Sans doute la multiplication des pains est-elle un épisode marquant de l’histoire de Jésus (peut-être plus pour les disciples que pour la foule qui en a bénéficié),  mais il y a beaucoup plus à admirer que le miracle : il y a la miséricorde d’un Dieu qui se laisse toucher par l’espoir des hommes, il y a la confiance de celui qui n’agit pas sans nous, il y a la fidélité du Seigneur qui nous entraîne dans son alliance. Depuis bien longtemps, on a remarqué que les mots employés par saint Matthieu rappelaient ou plutôt annonçaient l’eucharistie : « il prit les pains, dit la bénédiction, les rompit et les donna à ses disciples ». Que ce soit l’occasion pour nous d’y découvrir non seulement le grand miracle, mais surtout le signe de l’amour de Dieu, son appel à nous investir, et son invitation à vivre l’alliance. 

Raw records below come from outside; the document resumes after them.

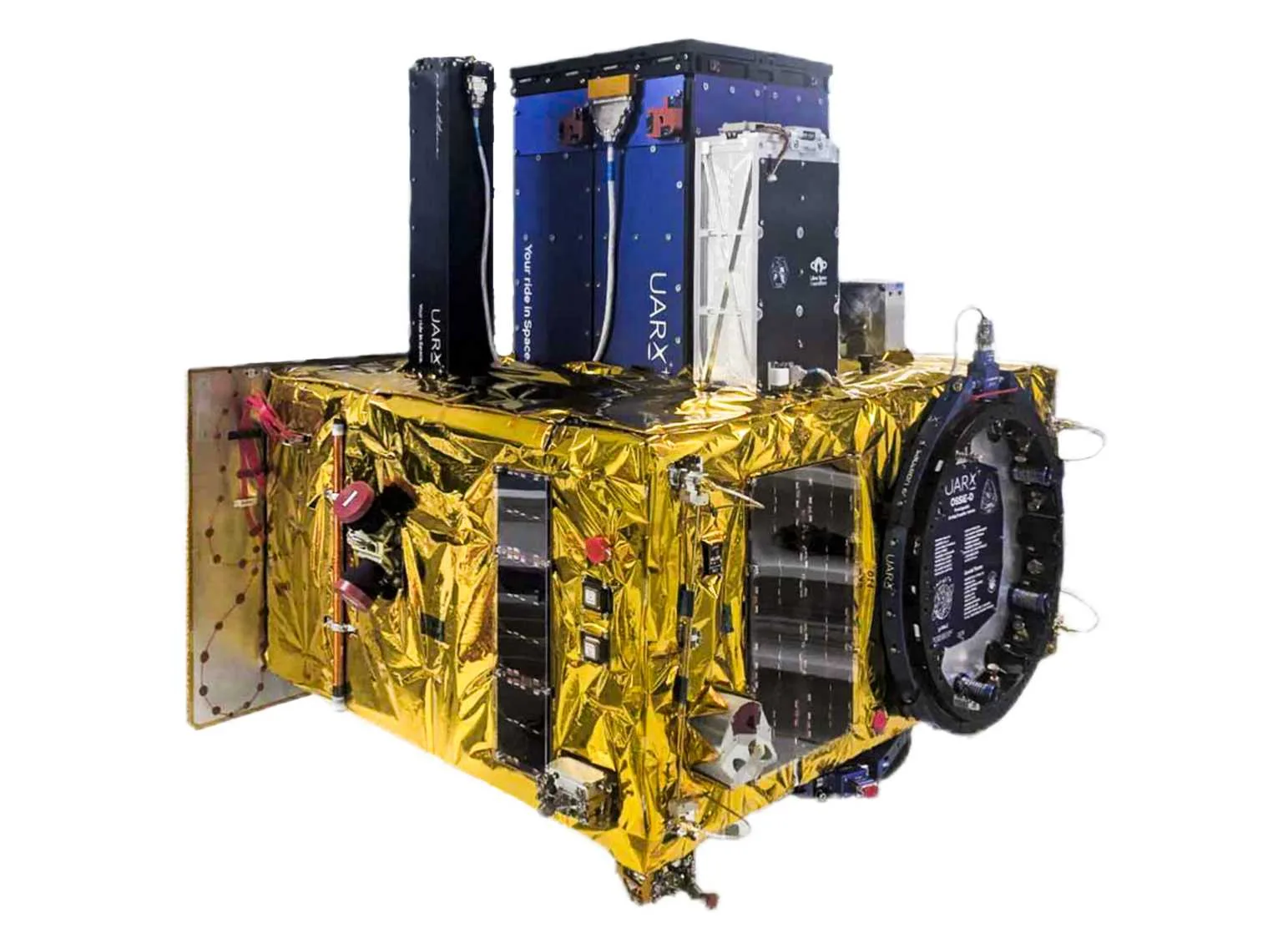 The OSSIE orbital transfer vehicle, a gold-foil-wrapped spacecraft with payloads mounted on top and a separation ring on its side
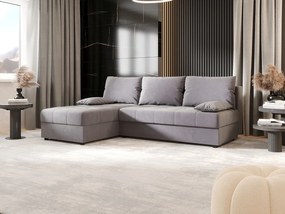 BEDANTE narożnik MOS L Itaka 50 lewa szary z funkcją spania sofa w kształcie litery L z pojemnikiem na pościel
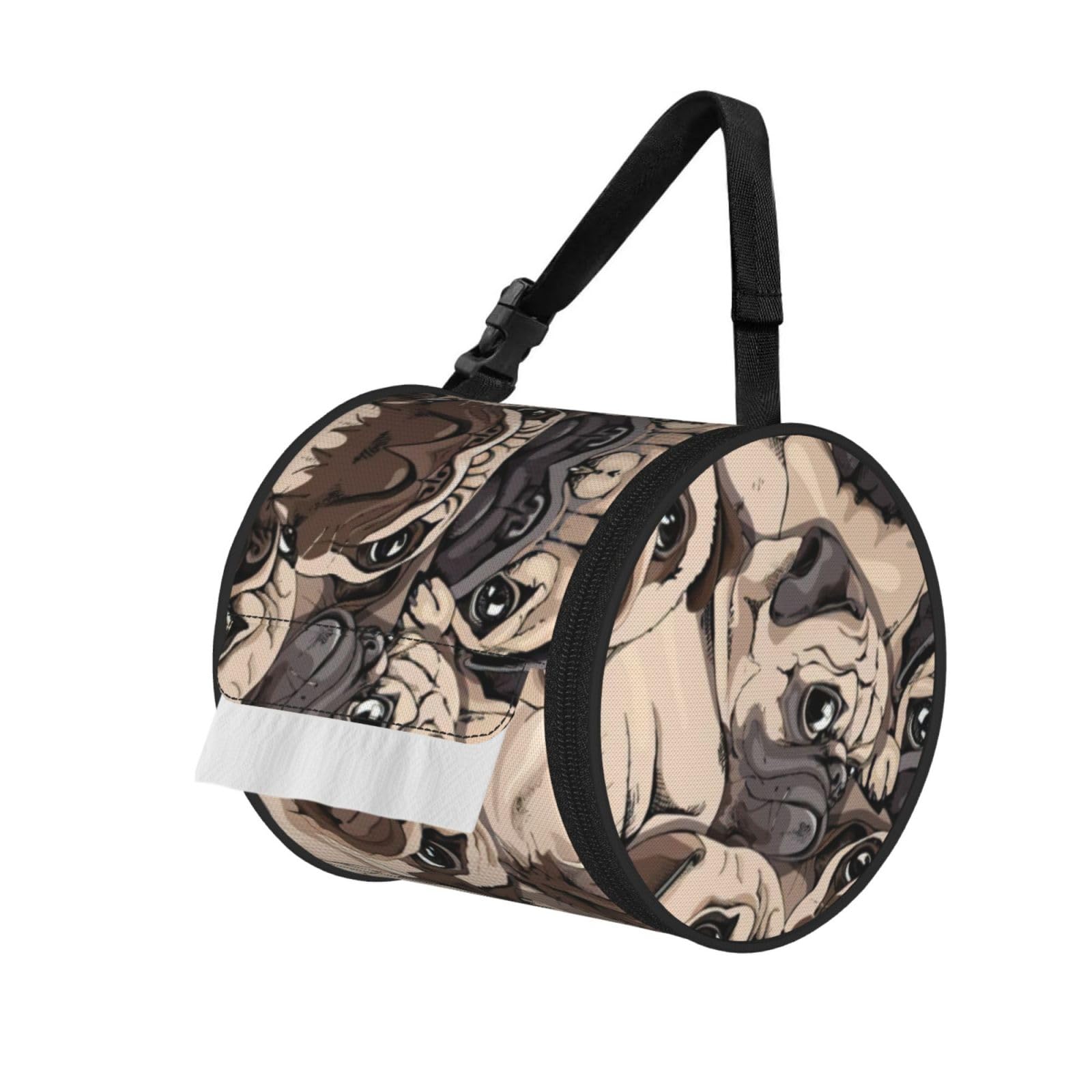Dog 3 Print Fashion Tissues Organizer Box, Hanging Tissue Holder For Purse Coins For Car Office Daily Outing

Que la Vierge Marie nous aide à entendre cette parole et à la mettre en pratique. Mère de Miséricorde qu’elle nous apprenne à creuser en nous le désir de Dieu pour que notre prière puisse toucher son cœur. Servante du Seigneur qu’elle nous rende disponibles à l’engagement pour que la grâce puisse transfigurer nos limites. Arche de la Nouvelle Alliance, qu’elle nous accompagne dans la fidélité pour que nous puissions demeurer en Dieu comme il demeure en nous, dès maintenant et pour les siècles des siècles.